Die weißrussische Oppositionsführerin Swetlana Tichanowskaja hat eindringlich an den russischen Präsidenten Wladimir Putin appelliert, sich aus dem Machtkampf in ihrem Land herauszuhalten. „Mischen Sie sich nicht ein“, sagte die Bürgerrechtlerin in einem heute veröffentlichten Interview des Deutschlandfunks. „Wir möchten selbst unsere Zukunft bestimmen.“

Russland unterstützt den umstrittenen Staatschef Alexander Lukaschenko politisch und finanziell mit einem Milliardenkredit. Dazu meinte Tichanowskaja an Putin gerichtet: „Geben Sie das Geld, das jetzt an das Regime geht, mit dem jetzt das weißrussische Volk ermordet wird, in ihrem Land aus.“

Oder Moskau solle Minsk unterstützen, wenn es eine Neuwahl gegeben habe. „Wir sind seit Langem Freunde und Nachbarn. Das bleiben wir“, sagte sie. Die Staatspropaganda in Weißrussland unterstellt Lukaschenkos Gegnerinnen und Gegnern, diese wollten sich angeblich vom Nachbarland abwenden.

Opposition sieht Tichanowskaja als Siegerin

Die Opposition sieht Tichanowskaja als wahre Siegerin der Präsidentenwahl Anfang August. Lukaschenko hatte sich aber nach 26 Jahren an der Macht mit 80,1 Prozent der Stimmen für eine sechste Amtszeit bestätigen lassen. Seither gibt es Proteste im Land.

Tichanowskaja hatte gestern in Berlin die deutsche Kanzlerin Angela Merkel getroffen. Deutschland erkennt wie andere EU-Länder Lukaschenko nicht als Staatschef an. Die 38-Jährige hatte gesagt, dass sie auch mit Putin sprechen wolle. „Ich würde wahrscheinlich sehr emotional werden, da Putin Lukaschenko unterstützt“, sagte sie in dem Interview. „Ich würde ihn gern dazu bringen, dass er damit aufhört.“

Tichanowskaja in Russland zur Fahndung ausgeschrieben

Kreml-Sprecher Dmitri Peskow sagte der Agentur Interfax zufolge, ein Gespräch mit der Oppositionellen sei bisher nicht geplant. Vielmehr schrieb Russland Tichanowskaja nach Angaben der Nachrichtenagentur TASS zur Fahndung aus. Das ergebe sich aus der Datenbank des Innenministeriums in Moskau, meldete die Agentur. Der Grund für die Fahndungsausschreibung sei, dass Tichanowskaja wegen „Verstößen gegen das Strafgesetzbuch“ gesucht werde.

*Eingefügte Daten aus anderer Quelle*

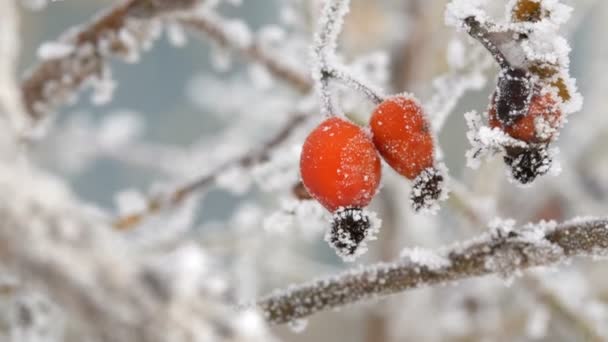 Czerwona róża biodra pokryte mrozem i śniegiem w zimowy dzień - Materiał filmowy, wideo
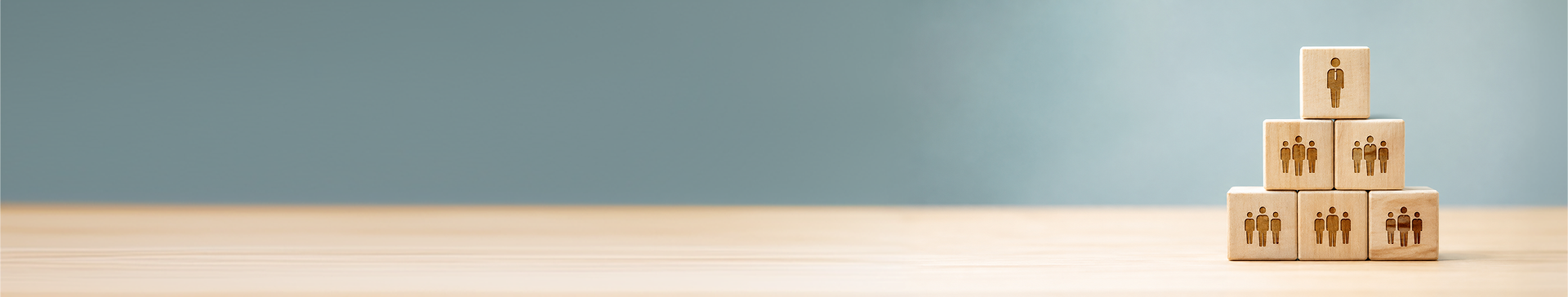 Banner - Estructura Organitzativa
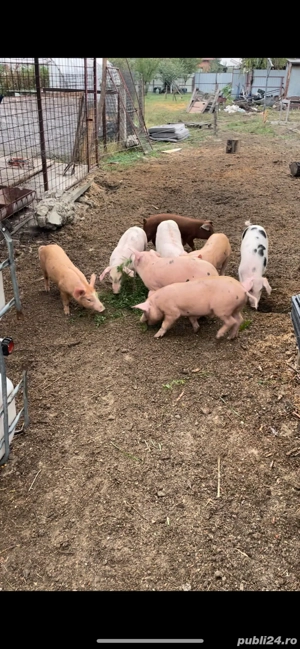 purcei de 10 saptamani - imagine 4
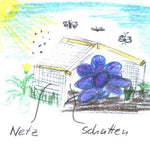 Neudorff KulturschutzNetz Anwendung Grafik biogartenladen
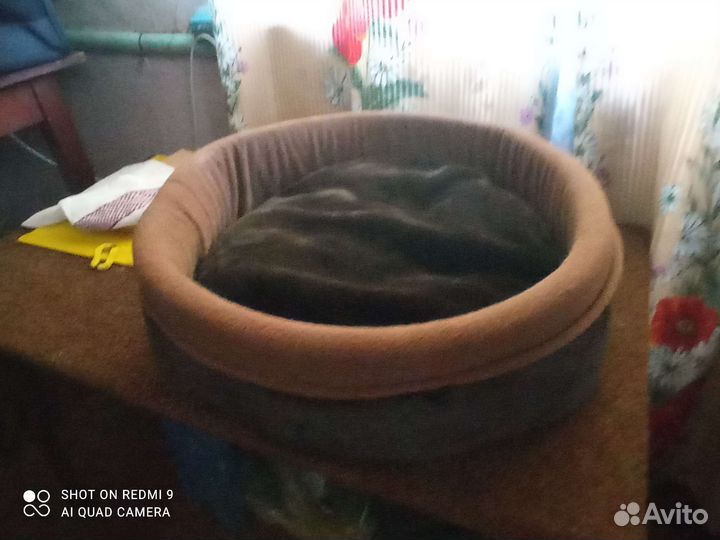 Домик для кошки новый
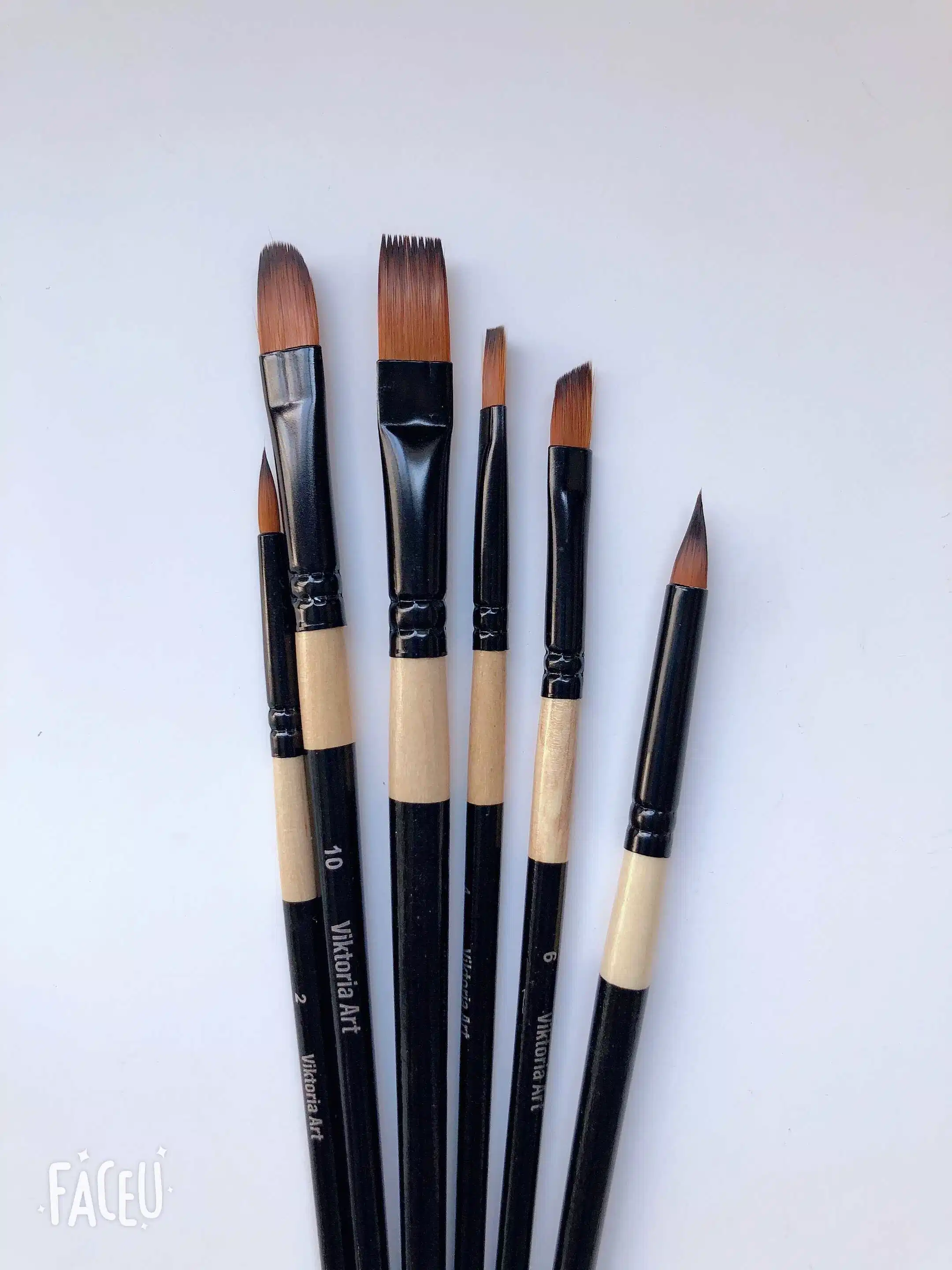 Professional Supplier Artist Paint Brushes for Art Oil Painting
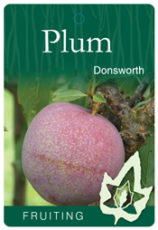 Plum "Donsworth" Dwarf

Wie TASS unter Berufung auf russische Sicherheitskreise schrieb, sei Tichanowskaja auch in Weißrussland zur Fahndung ausgeschrieben worden. Da beide Länder einen Unionsstaat bilden, werde das Gesuch auch in Russland umgesetzt. Auf internationaler Ebene gelte die Ausschreibung aber nicht.